A beautiful sunny morning. You open up your eyes as you wake up and the moment you do that you realize you’re in the heart of the forest. It’s summer time so you’re feeling a bit lazy and not in a rush to actually get out of bed. The next moment your still sleepy eyes gaze up into the sky and you’re in awe. You see the light filtering through the crowns of the trees, shadows flickering among the leaves. So simple yet so breathtaking and beautiful. What if I told you that you don’t have to only imagine this picture but you can also smell it! With Les Liquides Imaginaires Succus it’s possible.
Succus greets the wearer with a delightful scent of rhubarb. Its tartness and crispness are absolutely mouth-watering & I immediately want to smile thanks to it. After around 5 minutes it develops a slightly sour but still very appealing flavor with a little bit of a green tint to it. Shortly after a wonderful mandarin appears, spilling its delectably sweet juiciness all over the place. The combination of these 2 works really well, creating the energetic bomb you just want to eat. After a while Succus changes its character a bit. When laurel joins the composition a new dry & dusted facet appears. I have to admit it smells pretty and harmonious next to mandarin and rhubarb.

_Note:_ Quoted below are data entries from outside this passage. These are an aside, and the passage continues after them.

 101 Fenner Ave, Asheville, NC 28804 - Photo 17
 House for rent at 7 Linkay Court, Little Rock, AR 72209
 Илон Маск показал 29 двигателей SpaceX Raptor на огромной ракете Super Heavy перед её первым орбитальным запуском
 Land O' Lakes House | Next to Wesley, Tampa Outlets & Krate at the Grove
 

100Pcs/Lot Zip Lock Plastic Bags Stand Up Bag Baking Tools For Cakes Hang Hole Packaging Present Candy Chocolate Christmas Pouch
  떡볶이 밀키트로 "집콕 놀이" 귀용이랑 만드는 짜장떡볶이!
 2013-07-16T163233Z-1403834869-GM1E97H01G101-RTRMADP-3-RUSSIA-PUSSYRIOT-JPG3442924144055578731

Some time later the verdancy of Succus becomes more prominent but no matter the moment I smell it, I continue to perceive it as pastel green rather than bright green. Rosemary gives a fantastic touch of aromatic facets – it smells quite airy and spacious, outdoorsy. Afterwards juniper adds some of its own fragrance. That one is also green but also has a light metallic undertone you could associate with gin. Sage and cedar leaf give Succus a slightly more masculine character through their powdery/dusty impressions. At this point grapefruit also appears – its citrusy bitterness has more of a zesty effect compared to more juicy mandarin. It’s also not sweaty which is a good thing.
As hours pass I notice how a mild spiciness builds up in Les Liquides Imaginaires Succus. It’s first revealed through a lemony fizziness of ginger and later also black pepper joins the ensemble. The warmth they effuse is rather solar and bright, they definitely haven’t been set up in a more heavy context. At some point a tropical floral note arrives at the main stage. Orchid that is featured in this fragrance is really something else. It’s slightly sweet and more creamy. It’s tropical but not exotic (if you know what I mean) and definitely adds a vivid color to the scent. Orchid is also slightly vanillic but way less dense than vanilla itself. Succus becomes more charming with time.

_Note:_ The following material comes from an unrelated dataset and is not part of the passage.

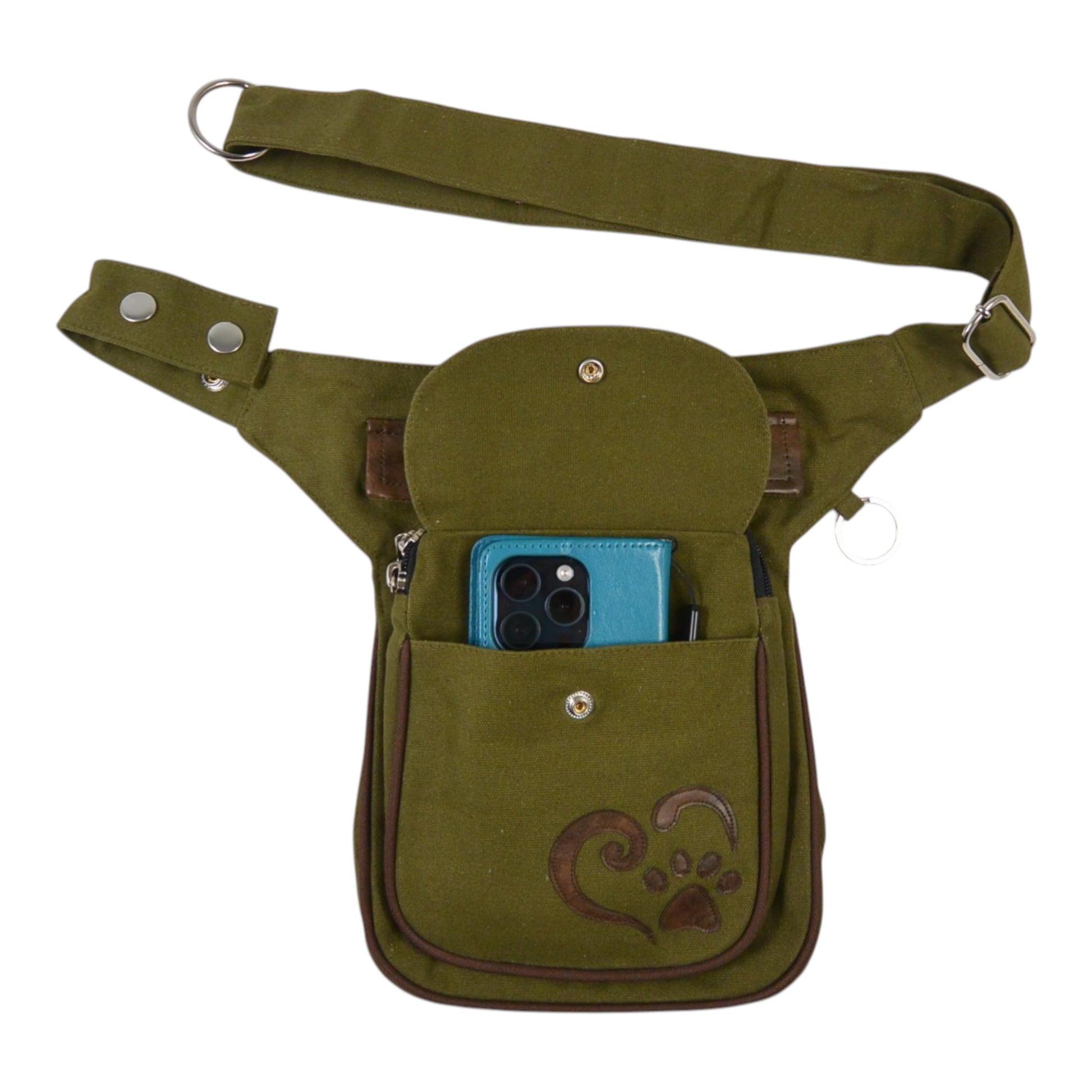 Olivgrüne Gassi-Tasche aus Canvas mit Pfote-Herz-Applikation aus Rexine, geöffnete Fronttasche mit Smartphone.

Drydown of Succus is mainly woody but also provides quite a lot of complexity. Firstly there’s vetiver but it smells neither dry nor grassy. It’s way more woody-solid than I’d expect. It has a pleasant smoothness that helps mandarin to come out more – it’s like vetiver becoming a background to the juicy fruit from before. Texas cedar gives more substantivity to the blend while frankincense creates a contrasting layer of balsamic ‘airiness’. It’s smoky in a great way but also light. There’s also a musky element via Moxalone and clear woodiniess via Georgywood (Givaudan molecules). I especially liked this vetiver-mandarin effect that gave Succus an uplifting vibe.

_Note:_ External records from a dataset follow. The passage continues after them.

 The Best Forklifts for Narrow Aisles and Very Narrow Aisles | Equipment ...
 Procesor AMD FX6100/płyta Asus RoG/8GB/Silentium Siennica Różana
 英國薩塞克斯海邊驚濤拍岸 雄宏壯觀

Les Liquides Imaginaires launched Succus as part of a perfume trilogy called Eau Arborante and this particular creation was meant to evoke the crowns of trees. I truly love this idea and how well it’s been executed by a perfumer – Shyamala Maisondieu. Succus really makes you feel as if you were sitting on top of a giant tree. Longevity and sillage of this creation are very good. Succus is available in 100 ml bottles and in eau de parfum concentration. If only smaller flacon was offered by the brand I wouldn’t hesitate to get it as I’m really into this perfume. It’s a great addition to summer wardrobe.